Code is law is often frowned upon by many. I think it’s because it is often used as an excuse to not do something which otherwise would have been sensible, or as an excuse to being allowed to do something which clearly wasn’t the intent of the developer. But as with many things, it’s a double edged sword.
As observed recently, compound.finance’s COMP bug, deployed as part of a contract upgrade through their normal DAO process, allowed people to obtain more COMP tokens than they otherwise should have been allowed to do. And due to their DAO process, they can’t fix this before 7 days later, which is more than enough time for people to exploit the bug and drain all the tokens.
What’s at fault here? Clearly bugs can happen, anyone involved with software development will know this. So in a normal production setup, you have a run book that also allow you to quickly fix the issue. Maybe “code is law” isn’t the problem here, but rather poor risk management?

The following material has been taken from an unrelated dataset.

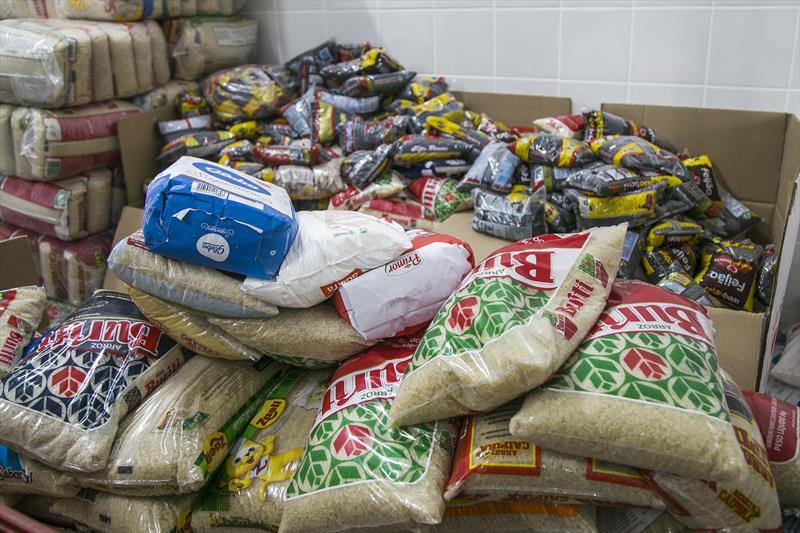 Alimentos doados pela FAS e Smelj para o banco de alimentos da Secretaria de Segurança Alimentar. 
Foto: Pedro Ribas/SMCS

Because without “code is law”, there could not have been any compound.finance to begin with. That’s the other side of the coin.
What needs to happen is we need to stop trying to build smart contract systems like we build normal software. While it is possible to upgrade smart contracts, through the use of proxy contracts and other methods, it doesn’t mean it’s a good idea. Because as talked about elsewhere on this site, any upgrade mechanism is a door to more centralization. It’s an unmitigated risk. It’s an opportunity for a power grab. It’s a way towards failure.
Keep smart contracts as simple as possible. Spend time up front on locking in their feature set, testing it fully. Then leave the code alone. You want to upgrade? Deploy a new contract and let people migrate their liquidity as and when they are ready. That’s the proper decentralized approach. That’s the proper “code is law” way.